2. Description of the Prior Art
To abate structure-borne noise caused by mechanical vibrations of a microphone due, for example, to a touch or collision with another object, or to movements of the microphone cable or to the friction of the microphone housing on the user's clothing (Lavalier microphones), substantially two possibilities are given which may be applied individually or in combination;
One possibility is to mount the microphone capsule in the microphone housing resiliently, which arrangement is used frequently. Thorough tests have shown, however, that no satisfactory solution can thereby be obtained. That is, a satisfactory damping is attained only above the natural resonance frequency of the mounting means of the resiliently mounted microphone capsule. Therefore, it would be desirable for an effective damping of these disturbances occurring mostly in the low frequencies, to reduce the natural resonance frequency of the mounting or suspension means as far as possible, preferably below the lowermost frequency to be transmitted.
This, however, is considerably difficult with the modern high-quality microphones having a response range extending from about 30 Hz to 20 kHz, since the lower a mounting resonance frequency is provided, the lesser becomes the mechanical stability of the arrangement, so that tumbling motions and excursions in excess of the capsule in the microphone housing can hardly be prevented, which may lead to mechanical damages of the arrangement. In arrangements of the prior art, the mounting resonance ranges approximately from 50 Hz to 300 Hz, which is still within the usual frequency band to be transmitted. It is therefore obvious that a satisfactory solution of the problem, namely of preventing over a large band the occurrence of disturbing voltages caused by vibrations of the microphone, cannot be obtained with the simple resilient suspension of a microphone capsule from a housing.

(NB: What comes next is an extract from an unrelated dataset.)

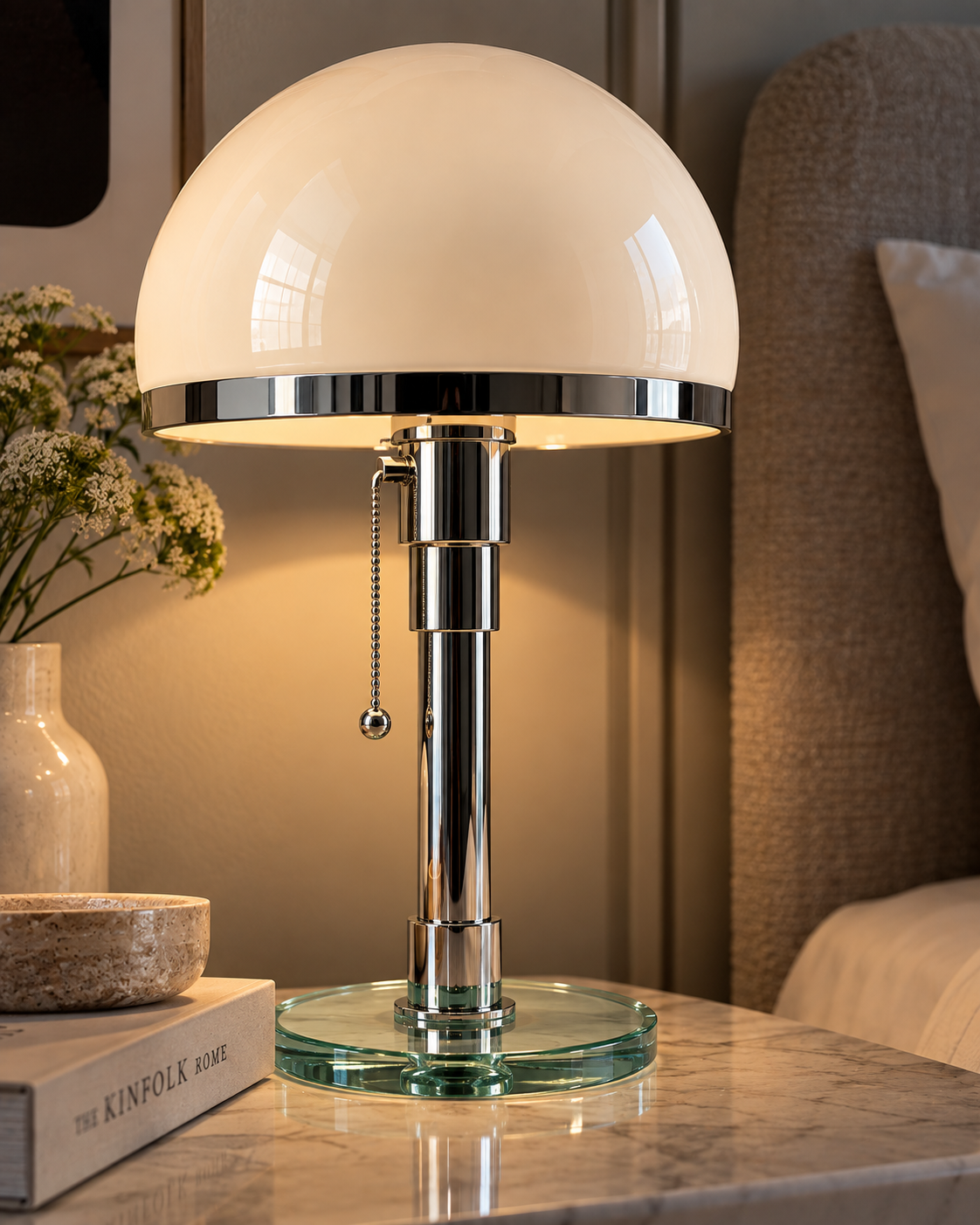 Orbis | Chrome Table Lamp - Pull Chain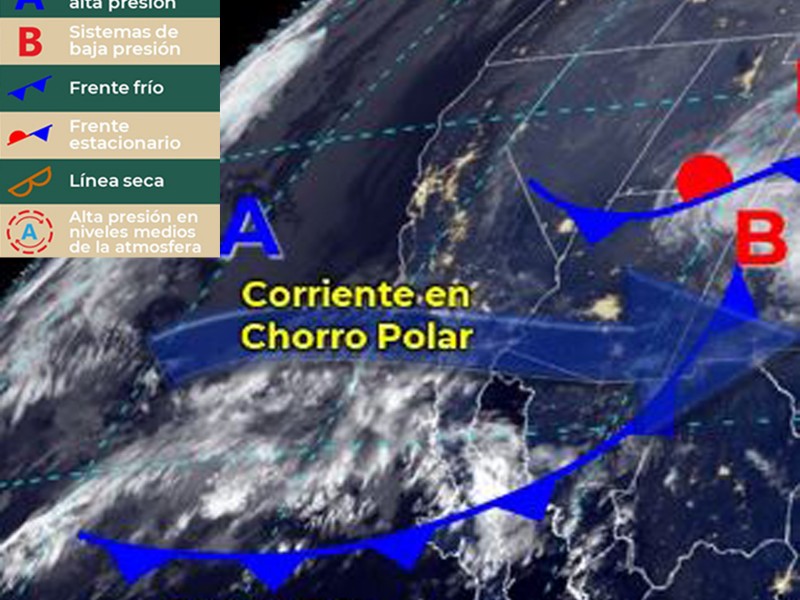 Probabilidad de lluvias dispersas y vientos de 20 a 30km/h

The other possibility of abating such disturbing voltages is the compensation method. In the application of this method, a second transmitter system is coupled to the microphone capsule mounted in a housing, which system is inactive relative to the intelligence sound and of such design and arrangement that at the occurrence of mechanical vibrations or shocks, it delivers electric signals which are identical with those delivered by the system provided for converting the intelligence sound. The two outputs are connected to each other in electrical opposition, so that the signals produced by the mechanical vibrations compensate each other.
The transmitter needed for producing the compensating current may be designed, for example, quite symmetrically to the intelligence sound receiver and combined therewith with a screening against the intelligence sound, in a common arrangement which may, in addition, be resiliently mounted in a microphone housing. It is also possible, however, to use for the compensation a transmitter system having one part, namely the part necessary for converting the structure-borne sound into electric signals, rigidly secured to the electroacoustic transducer receiving the intelligence sound and resiliently mounted in the microphone housing, and having its other part rigidly connected to the microphone housing. The electric signal produced by the movements relative to each other of the two parts of the compensating transducer system is delivered in phase opposition to the transducer converting the intelligence sound.
The disadvantage of the prior art compensation arrangement is that they require a second transducer, and perhaps a careful tuning of the two systems to each other over a larger frequency range. In general, the compensation method makes it possible to obtain a satisfactory damping of the disturbing noise, but it must not be overlooked that as compared to the conventional, non-compensated microphones, the transmission factor is reduced to about one half. This drawback may be partly remedied only by improving the efficiency of the sound conversion, which, however, is possible only within certain limits and requires additional expenses.